A mere 14 percent of organizations globally are fully prepared to deploy and leverage Artificial Intelligence (AI)-powered technologies, according to Cisco’ inaugural AI Readiness Index released on Tuesday.
Cisco said in a statement that its new research found that while AI adoption has been slowly progressing for decades, the advancements in generative AI, coupled with public availability in the past year, are driving greater attention to the challenges, changes and new possibilities posed by the technology.
While 84 percent of respondents believe AI will have a significant impact on their business operations, the report also raised new issues around data privacy and security.
The Index findings showed that companies experience the most challenges when it comes to leveraging AI alongside their data.
In fact, 81 percent of respondents admit that this is due to data existing in silos across their organizations.
However, there is also positive news as findings from the index revealed that companies are taking many proactive measures to prepare for an AI-centric future.
This could be driven by the fact that most (97 percent) respondents said the urgency to deploy AI technologies in their organization has increased in the past six months, with IT infrastructure and cybersecurity reported as the top priority areas for AI deployments.
While only 14 percent of companies are pacesetters (fully prepared), the research found that more than half (52 percent) of companies globally are considered laggards (unprepared) at 4 percent, or followers (limited preparedness) at 48 percent.
Meanwhile, 61 percent of respondents believe they have a maximum of one year to implement an AI strategy before their organization begins to incur significant negative business impact.
73 percent of organizations benchmarked as either pacesetters or chasers, and only 4 percent were found to be laggards.
Additionally, 95 percent of organizations already have a highly defined AI strategy in place or are in the process of developing one, which is a positive sign, but shows there is more to do.
The report also showed 95 percent of businesses are aware that AI will increase infrastructure workloads, but only 17 percent of organizations have networks that are fully flexible to handle this complexity.
Meanwhile, 23 percent of companies have limited or no scalability at all when it comes to meeting new AI challenges within their current IT infrastructures.
In addition, 30 percent say the latency and throughput of their network is not optimal or sub-optimal, and 48 percent agree that they need further improvements on this front to cater to future needs.
While data serves as the backbone needed for AI operations, it is also the area where readiness is the weakest, with the greatest number of laggards (17 percent) compared to other pillars.
It is noted 81 percent of all respondents claim some degree of siloed or fragmented data in their organization.
This poses a critical challenge as the complexity of integrating data that resides in various sources and making it available for AI implications can impact the ability to leverage the full potential of these applications.

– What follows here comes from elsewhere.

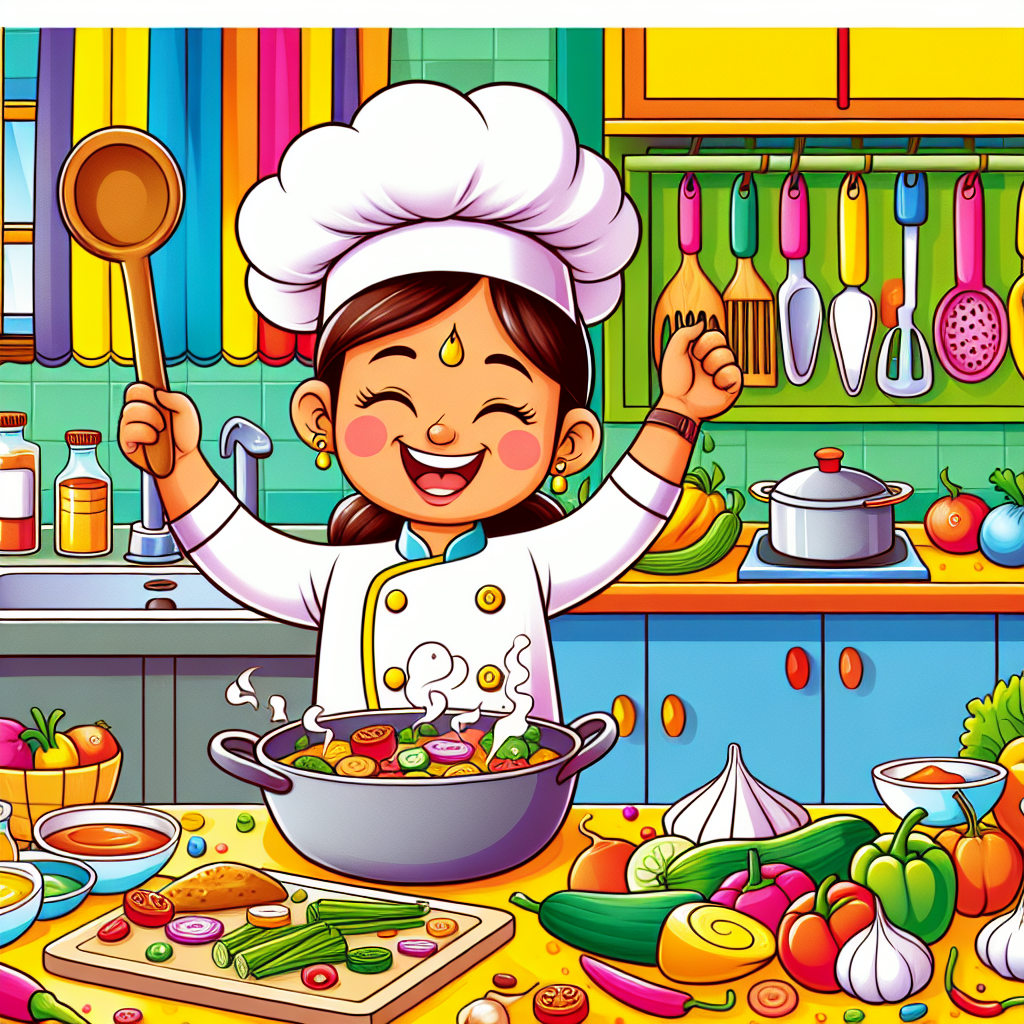 Charming Chef's Kitchen Paint By Numbers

Meanwhile, boards and leadership teams are the most likely to embrace the changes brought about by AI, with 82 percent of both groups showing high or moderate receptiveness.
However, there is more work to be done to engage middle management where 22 percent have either limited or no receptiveness to AI and among employees where close to a third (31 percent) of organizations report employees are limited in their willingness to adopt AI or outright resistant.
The need for AI skills also reveals a new-age digital divide. While 90 percent of respondents said they have invested in upleveling existing employee skillsets, 29 percent expressed doubt about the availability of sufficiently skilled talent.
These factors include data privacy and data sovereignty, and the understanding of and compliance with global regulations.
Additionally, close attention must be paid to the concepts of bias, fairness, and transparency in both data and algorithms.
The report also showed culture pillar had the lowest number of pacesetters (9 percent) compared to other categories driven largely by the fact that only 21 percent have comprehensive change management plans for widespread AI adoption.
It noted that C-Suite executives are the most receptive to embracing internal AI changes and must take the lead in developing comprehensive plans and communicating them clearly to middle management and employees who have relatively lower rates of acceptance.
The good news is that motivation is high as nearly eight out of 10 (79 percent) say their organization is embracing AI with a moderate to high level of urgency. Meanwhile, only 2 percent said they were resistant to change.
“The race to AI Readiness is on, with organizations under intense pressure to shift from strategic planning to execution mode in order to capitalize on the transformative potential that AI represents,” said Liz Centoni, Executive Vice President and General Manager, Applications and Chief Strategy Officer, Cisco.
“To realize the benefit of AI-powered products and services, companies need solutions that secure and observe their AI models and toolchains to ensure performance, secure sensitive data and systems, and deliver trustworthy and responsible AI outcomes,” she added.
The Index, which surveyed over 8,000 global companies, was developed in response to the accelerating adoption of AI, a generational shift that is impacting almost every area of business and daily life.
The report highlights companies’ preparedness to utilize and deploy AI, showcasing critical gaps across key business pillars and infrastructures that pose serious risks for the near future.